Agency Growth
How I Made $55,000 in Two Months Starting an Agency From Scratch
From E-Commerce to Agency Owner in 60 Days
I'll be honest — two months ago I had zero agency clients. Zero. I'd spent the last year building an e-commerce store that's now done about $3.7 million in revenue, but when it came to running an agency and selling services, I was starting completely from scratch.
I joined Client Ascension in early August, and here's what the first two months looked like:
Month 1: $30,000 — almost entirely coaching revenue
Month 2: $25,000 — majority from agency clients
$55,000 total. Two months in.
Here's exactly what I did and what I'd tell anyone trying to do the same.
My Two-Tier Offer Structure
I built my offer around something I already had: a proven track record in e-commerce. My store was doing around $500,000 a month, so my pitch to smaller stores was simple — we've been where you are, let us help you get where we are.
That gave me two distinct offers:
1. Agency Growth Partner — I go into e-commerce stores smaller than mine and handle whatever they need most. Email marketing, Google Ads, Facebook Ads, conversion optimization. It's a flexible, diagnostic approach. If I don't personally have a specific skill, I refer out to someone in my network.
2. Coaching Program — I teach people how to build an e-commerce store from scratch. The long-term play is to get them successful, build trust, and then transition them into the agency once they're ready to scale.
It's an ascension model. Every type of buyer has something to purchase at every stage of their journey.
Where My Clients Actually Came From
Coaching clients came almost entirely from Twitter. When I was building my store I was a ghost online — didn't post anywhere. Once I started sharing what I'd learned, inbound coaching inquiries followed.

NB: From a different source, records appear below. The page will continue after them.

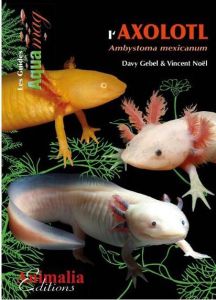 L'axolotl. Ambystoma mexicanum - Gebel Davy - Noël Vincent - Raffaëlli Jean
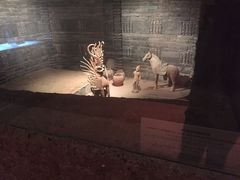 -敦煌市博物馆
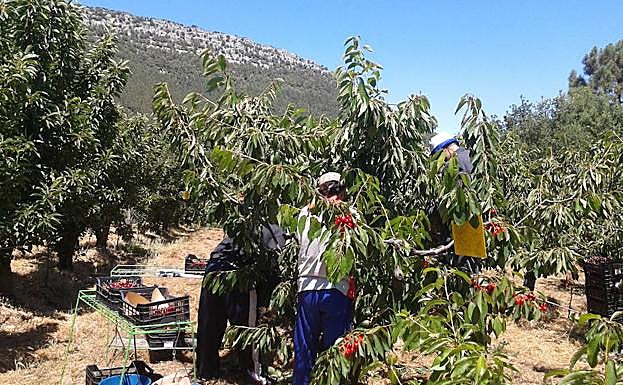 Los recolectores cogen la cereza en el Valle de Las Caderechas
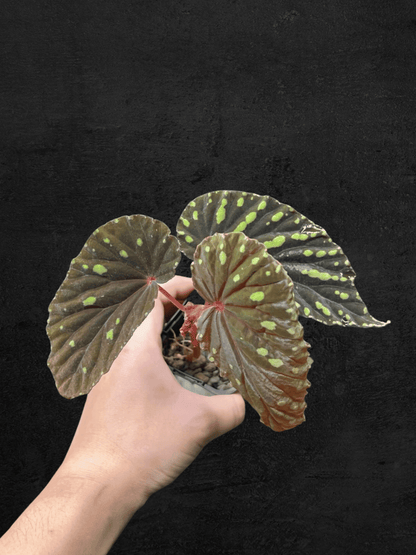 Begonia Atricha from Lampung, Sumatera with dark green textured leaves and silver veins — Sarupaning Araceae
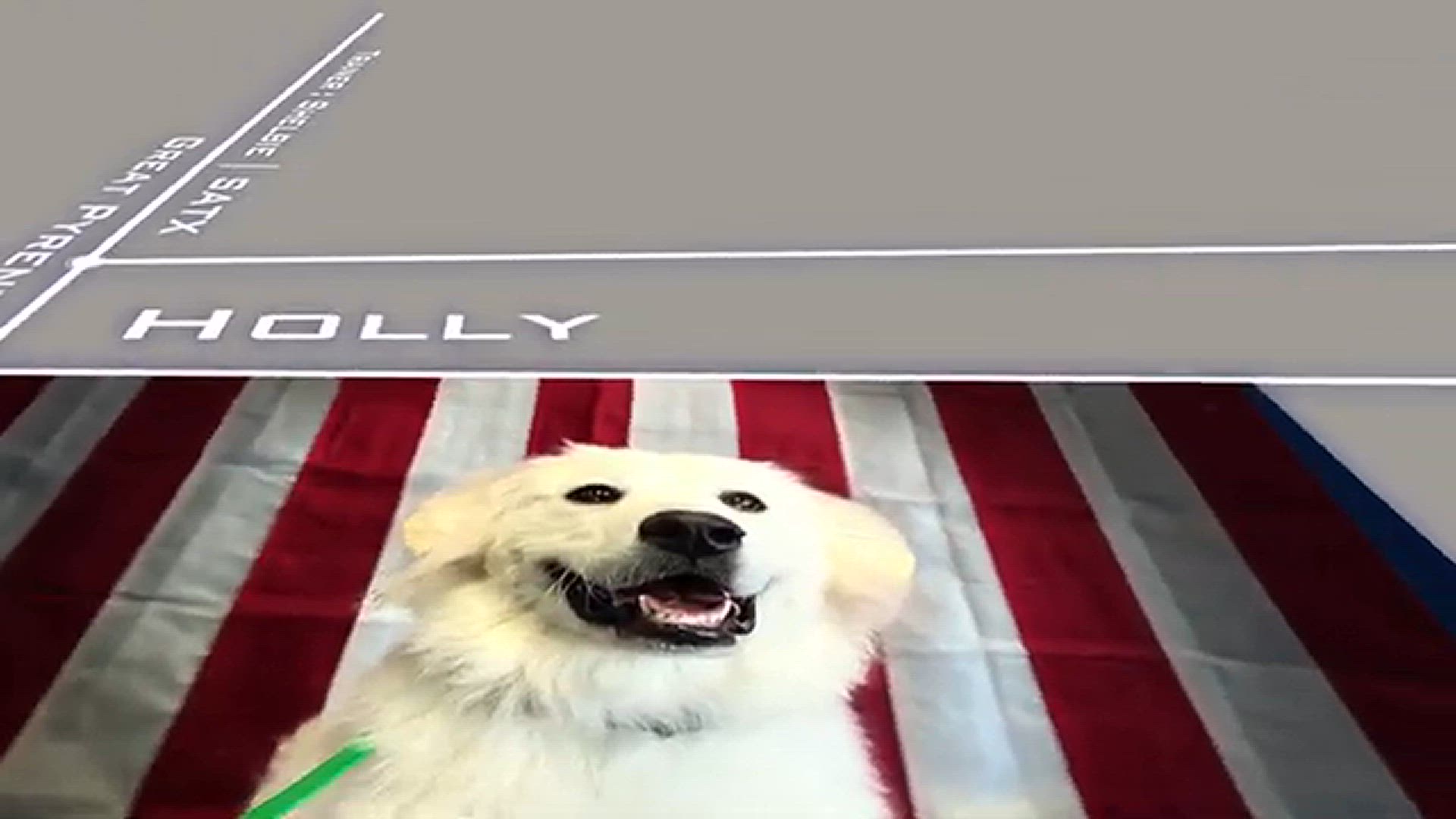 video of: Holly's 15 Day Transformation 10 month old Great Pyrenees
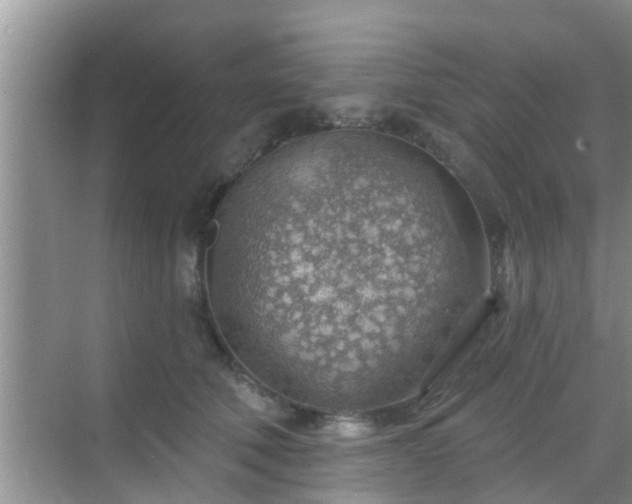 X0000069840610200605261908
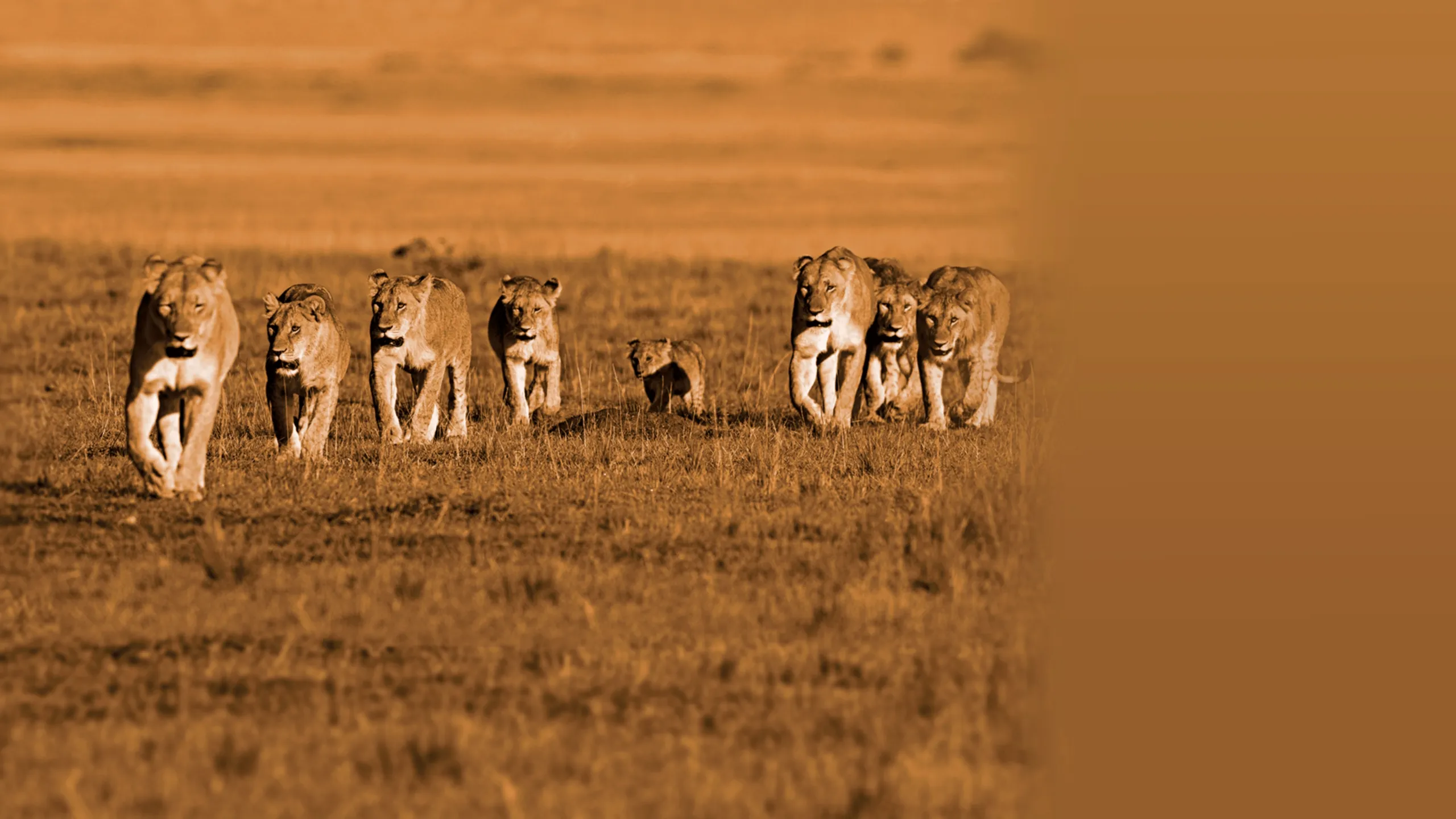 African Cats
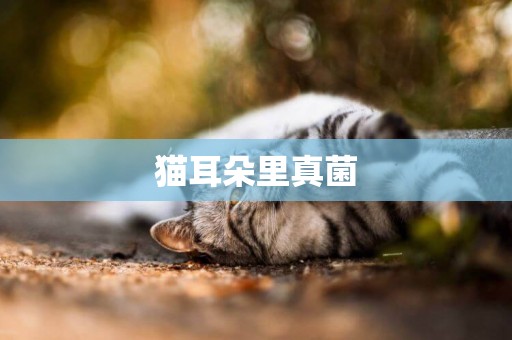貓耳朵里真菌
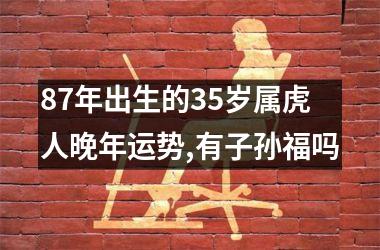 87年出生的35岁属虎人晚年运势,有子孙福吗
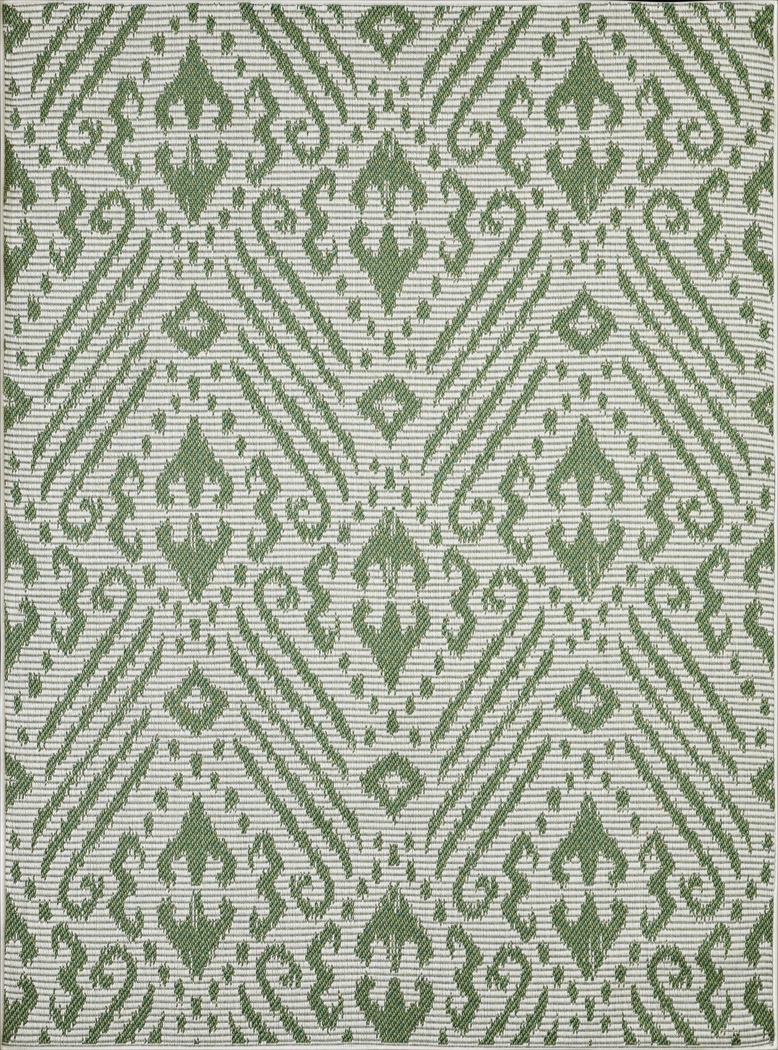 Bahart Green 5'3 x 7'3 Indoor/Outdoor Rug - Thumbnail - Image 12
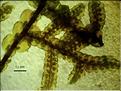 Frullania_tamarisci_LT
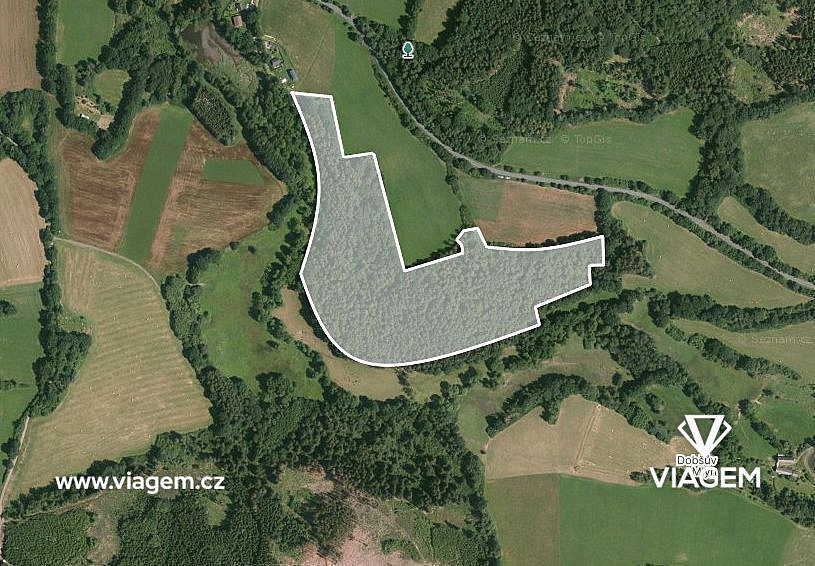 Prodej lesa 7 020 m² – pohled 2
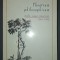 MICHEL FOUCAULT, Theatrum philosophicum - studii, eseuri, interviuri (1963-1984)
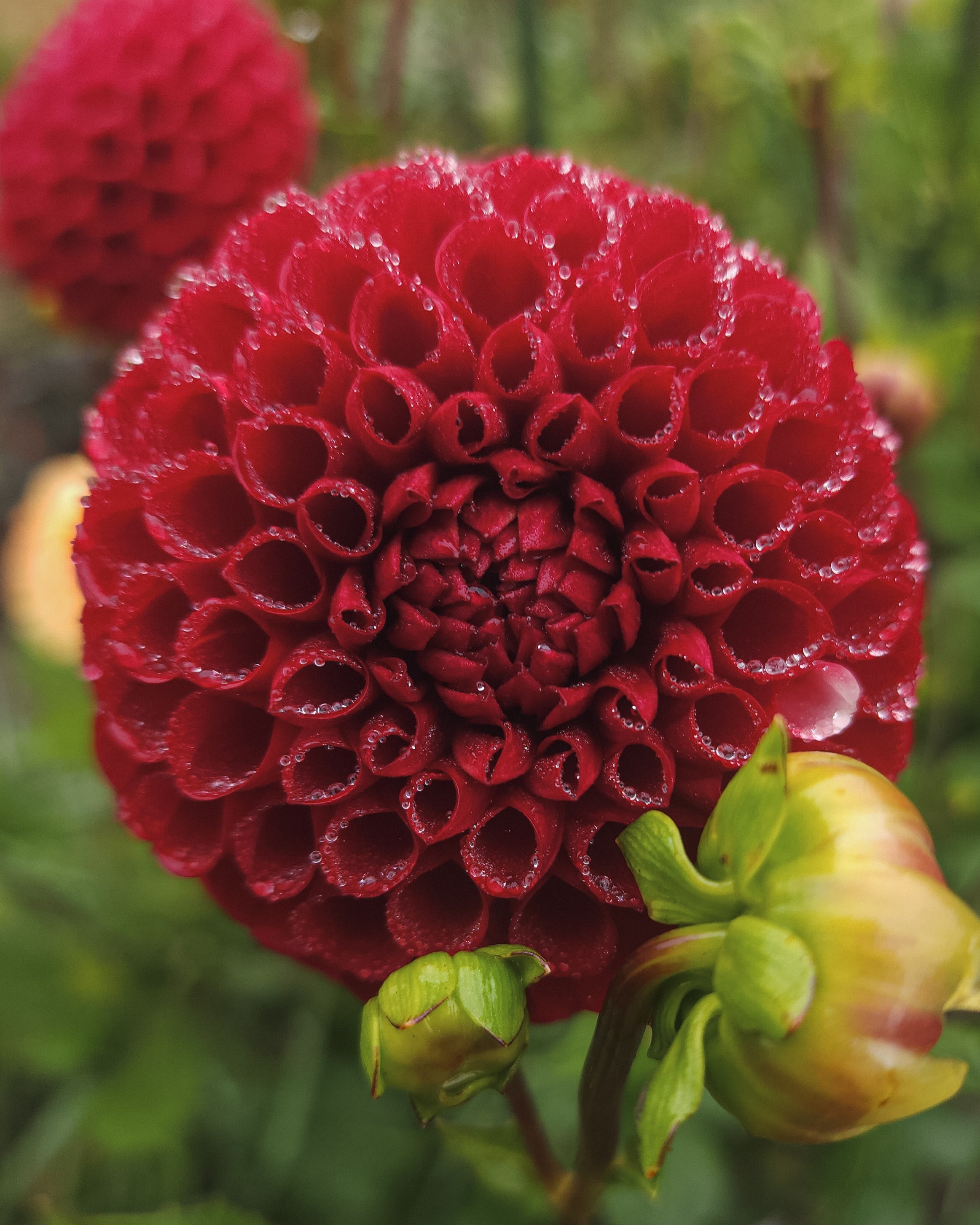 Cornel Dahlia Tuber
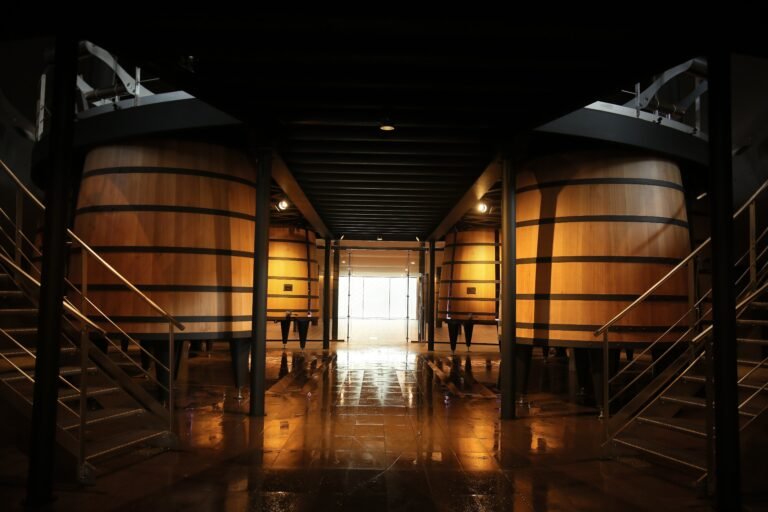 Cuves en bois imposantes dans une cuverie moderne d’un château du Bordelais, lors d’une visite immersive au cœur de la vinification à Bordeaux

Agency clients came from cold email — which I genuinely knew nothing about before joining Client Ascension. I didn't even really understand what cold email was. Learning and executing that system is what drove all of my agency revenue in month two.
The basic process: build a list, write a strong script, record a VSL, send at volume. That's it. It sounds simple because the concept is simple. The execution is where most people fail.
The Advice I'd Give Anyone Stuck Under $10K/Month
If you're at $5K a month trying to get to $10K, $15K, $20K — here's the most honest thing I can tell you:
It's a volume and skill problem, not a luck problem.
First, you have to be good at something. It doesn't need to be world-class. Pick one skill — email, paid ads, SEO, whatever — and get genuinely competent at it.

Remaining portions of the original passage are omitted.